Los empleados, en apuros mañaneros por llegar puntuales a sus trabajos, ven amenazado su esfuerzo al momento de apearse del camión. En la parada de la Alameda, sienten desesperados que sus pies pesan el doble, sus esfuerzos son inútiles, les es imposible llegar a tiempo. Sus patrones, cansados de escuchar disculpas y argumentos, han decidido demorar cualquier premio a la puntualidad. Una vez en sus puestos de trabajo: meseros, dependientes, bodegueros, secretarias y demás, se ven sujetos a las extrañas fuerzas de la lentitud. Morosos son también los repartidores del gas, del agua, de las pizzas, en fin, hasta en las carreras atléticas se resiente una baja en los promedios de velocidad. Aquellos que ofrecen paseos al turismo por el centro, narrando y actuando en simpáticas caracterizaciones las leyendas urbanas, han querido incorporar esta, que ya tiene tintes de tragicomedia, a su catálogo. Sin embargo, esta fuerza extraña les ha hecho remisos para tomar la decisión. Todos coinciden en que esta costumbre atávica es, a todas luces, involuntaria; que un poder extraño ralentiza sus afanes.

Esta dilación ya afecta también, de manera preocupante, al tráfico de la avenida que pasa por debajo del centenario acueducto.

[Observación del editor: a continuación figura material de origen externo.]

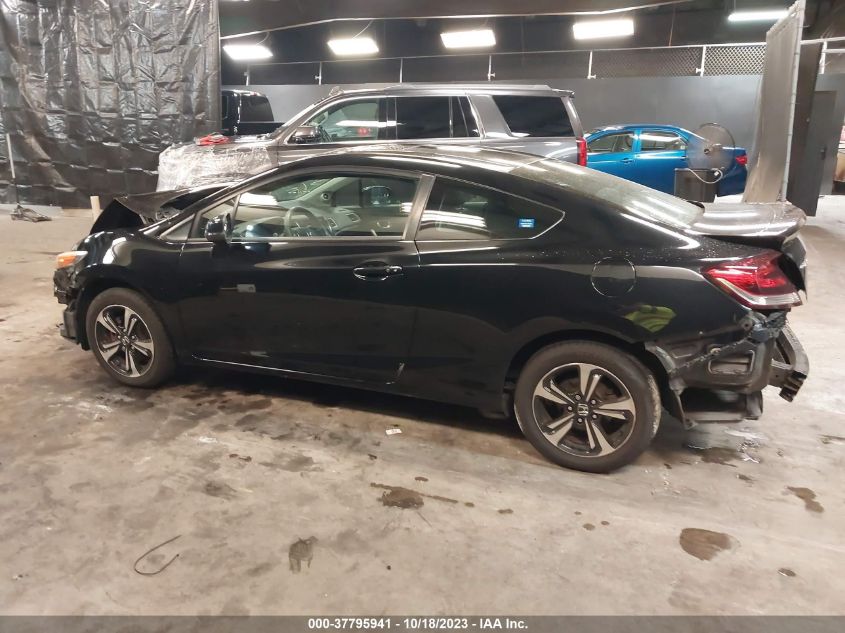 2015 HONDA CIVIC COUPE EX 2HGFG3B80FH533062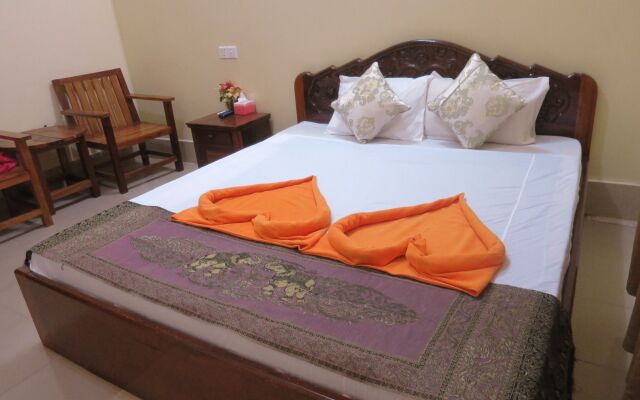 Kampot Guesthouse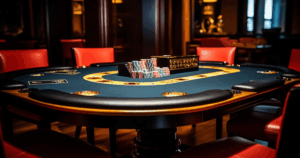Virginia casino - Revista Casino Perú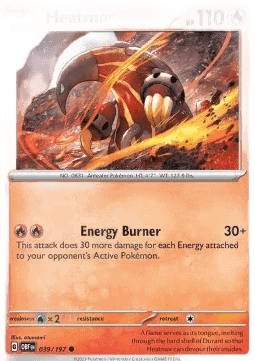 Heatmor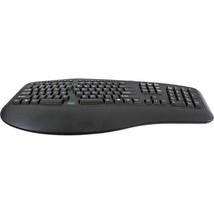 Adesso Desktop Ergonomic Keyboard AKB-150UB - $89.99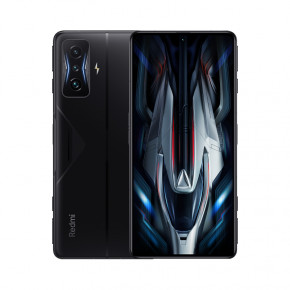  Xiaomi Redmi K50 Gaming 12/256Gb Black *CN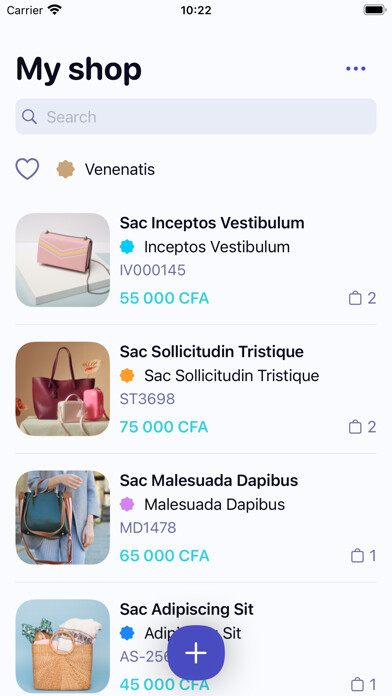 Emulate iPhone app Shop aba using MyAndroid Emulate iPhone app Shop aba using MyAndroid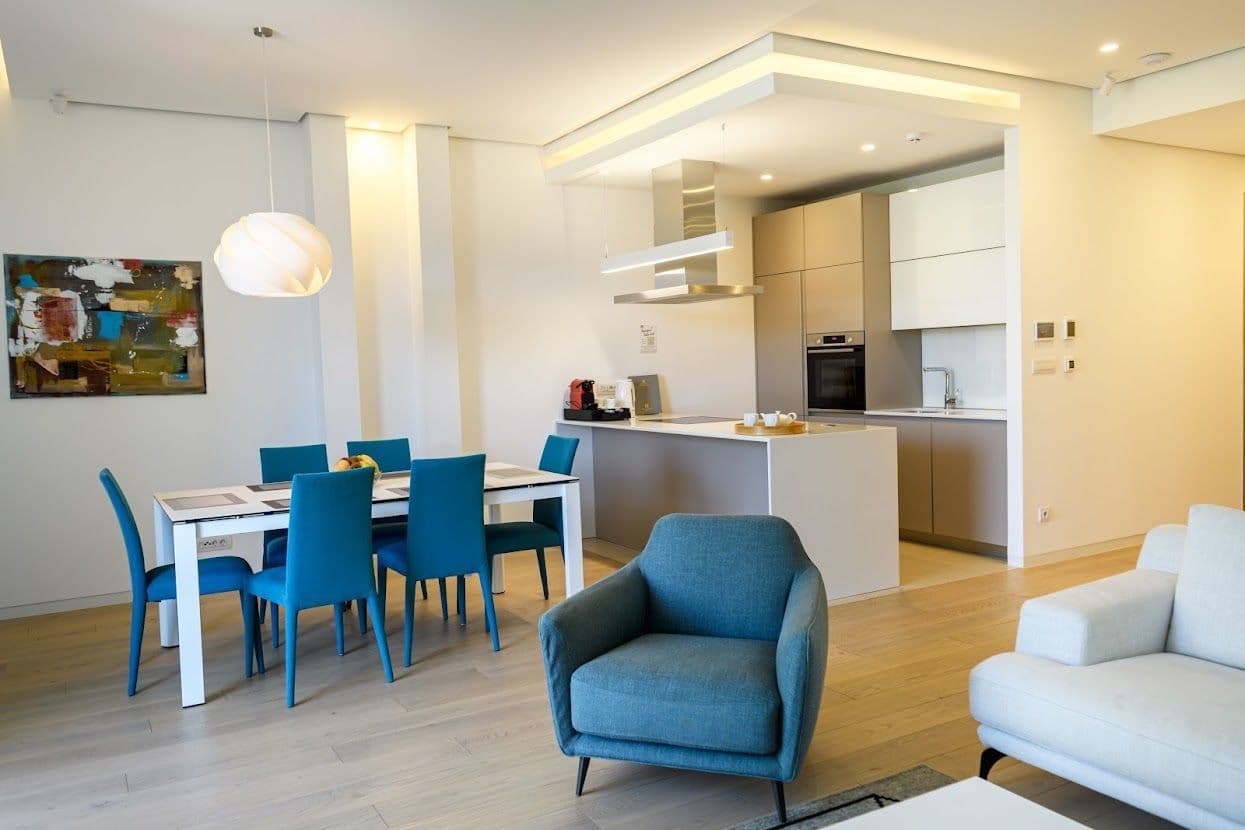 2-Bedroom Apartment in Budva, Montenegro, photo 2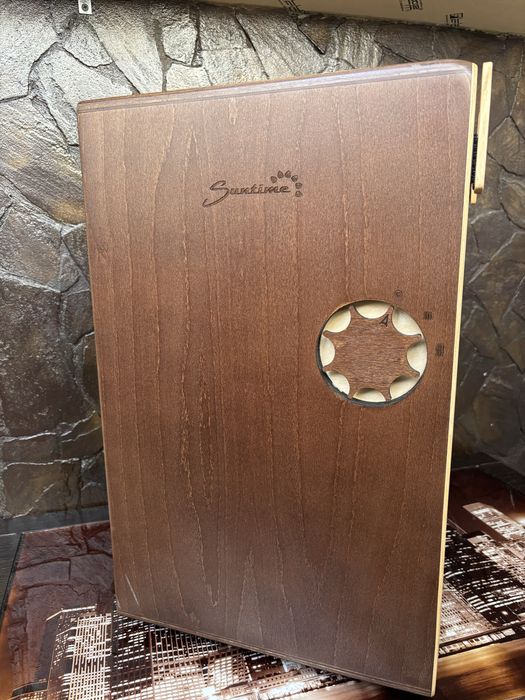 Кахон Suntime DeepTone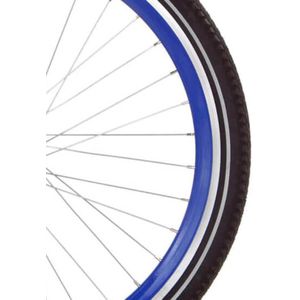 Alpina velg 26 J19DB blue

En busca de una solución radical, millonarios esfuerzos se aplicaron para construir un túnel y ampliar la vialidad, comprometiendo en forma peligrosa, la estabilidad del monumento. Fue una tarea formidable que convocó a gobernantes de todo poder, pero a pesar de sus esfuerzos institucionales, el promedio de velocidad, que en el resto de la ciudad es aceptable, al llegar ahí, se entorpece sin remedio. En innumerables ocasiones, se invitó, se exhortó y se obligó a la población a agilizar su paso por el túnel, pero por más patrullas, agentes y operativos aplicados, la cosa no mejoró. La empresa multinacional denominada: Agilizadora de Tráficos Atorados Suburbanos y Compañía, ATASCO por sus siglas, ha concursado para instalar, respaldada por un consejo de hombres de ciencia, un aparato que inyectará energías poderosas al ambiente, basadas en espirales de litios y uranios mejorados. La solución esperada, ansiada, soñada por la población, por extrañas razones, se ha diferido.

La atormentada feligresía ha solicitado al señor obispo la procesión del Santísimo, para exorcizar en forma definitiva la demarcación, pero la autorización de la arquidiócesis primada ha demorado una eternidad.

Este relato entrará en una conveniente pausa. No puedo cumplir aún mi promesa de desvelar el nombre de esta encantadora ciudad. Estoy atorado y desesperado en el tráfico de la avenida, pasando justo por debajo del acueducto; el recuerdo de su nombre está tardando en llegar a mi memoria.

Un comentario en “Ciudad con encanto”

  1. Distinguidísimo escritor, me hubiera gustado escribir mi comentario desde hace rato, pero al leer su relato, me vino una especie de dilación que no puedo explicar. Me parece que, en esa ciudad aún no develada por usted, existe un tipo de enfermedad parecida al COVID que me ha resultado igual que ésta… muy contagiosa.

    Seguiré al pendiente, porque resulta que me quedé con la curiosidad de terminar de conocer el relato completo. Como siempre… felicitaciones.